> Your assignment: Take the line that contains "Uchwyt magnetyczny przedłużacz" and each line after it to the end of the data below, and set them down exactly, omitting pictures.

> Supplied material:
- - -

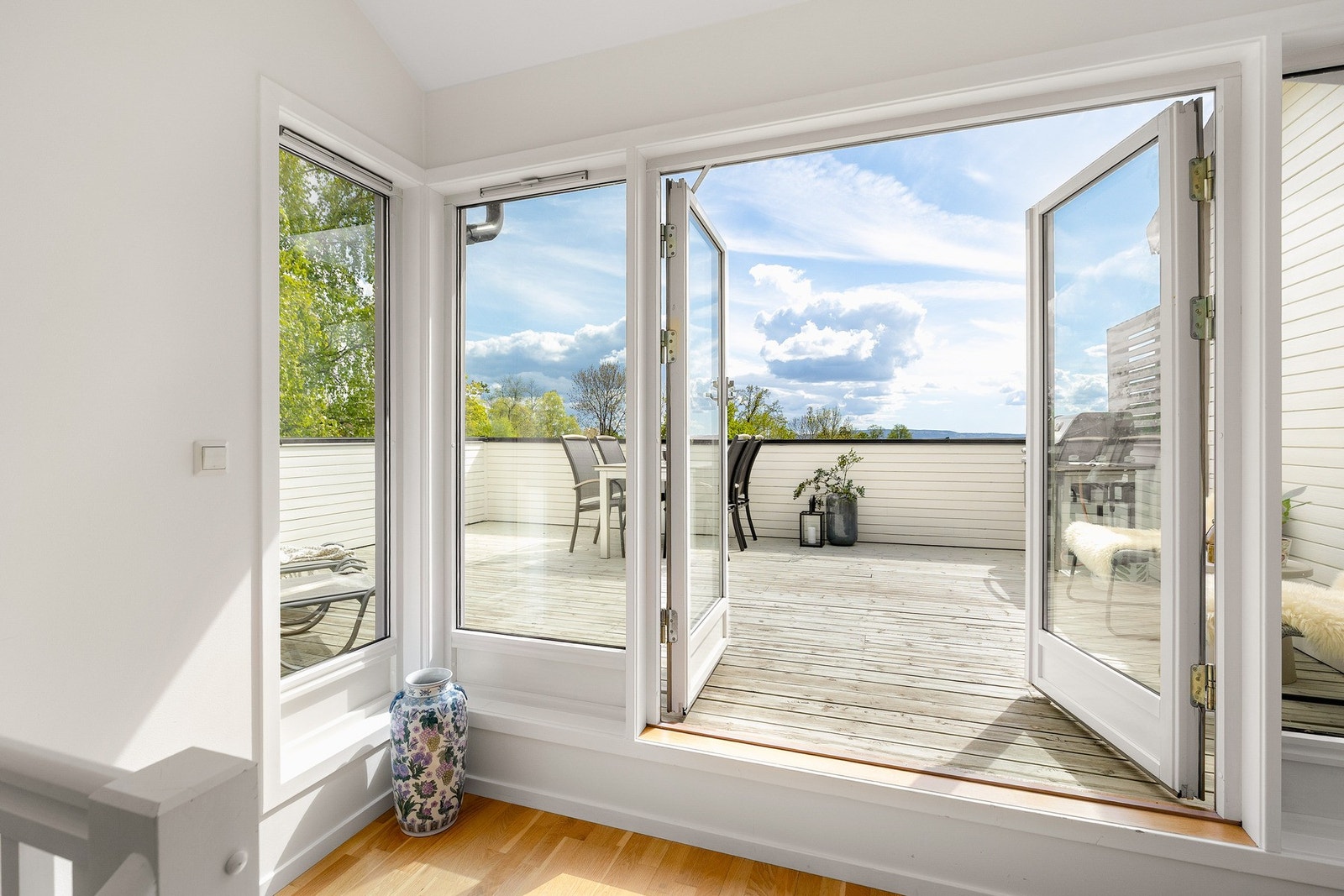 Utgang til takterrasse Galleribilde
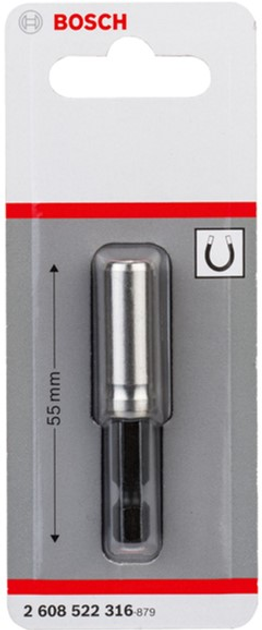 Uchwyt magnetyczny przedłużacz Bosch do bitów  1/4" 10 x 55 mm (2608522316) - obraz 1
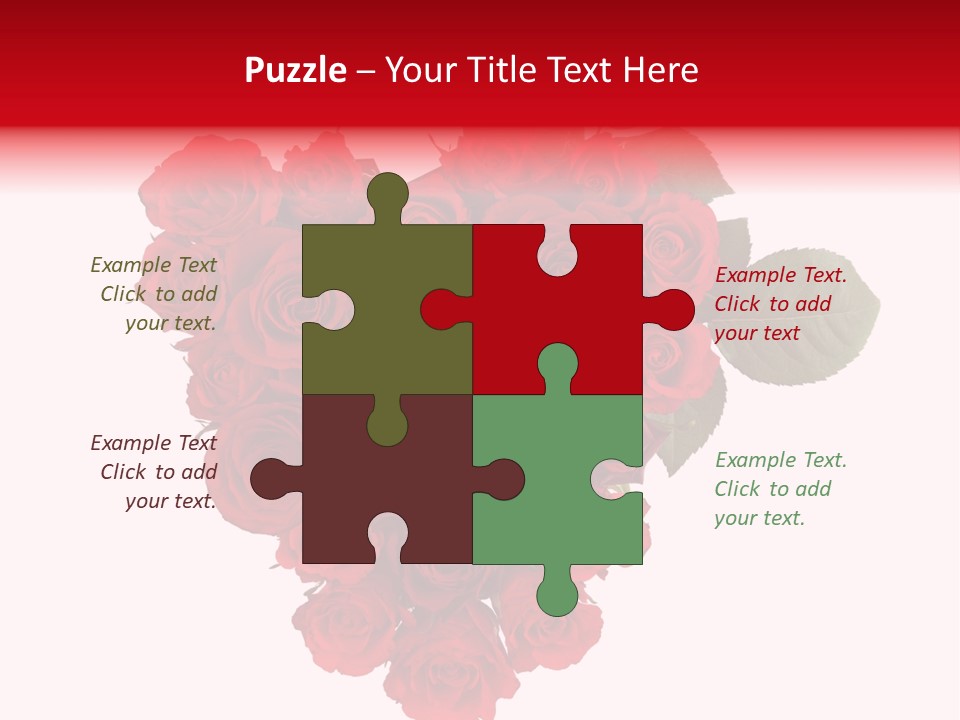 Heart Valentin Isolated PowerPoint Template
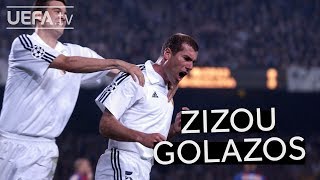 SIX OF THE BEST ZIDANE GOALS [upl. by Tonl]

- - -

> Written answer:
 Uchwyt magnetyczny przedłużacz Bosch do bitów  1/4" 10 x 55 mm (2608522316) - obraz 1
 Heart Valentin Isolated PowerPoint Template
 SIX OF THE BEST ZIDANE GOALS [upl. by Tonl]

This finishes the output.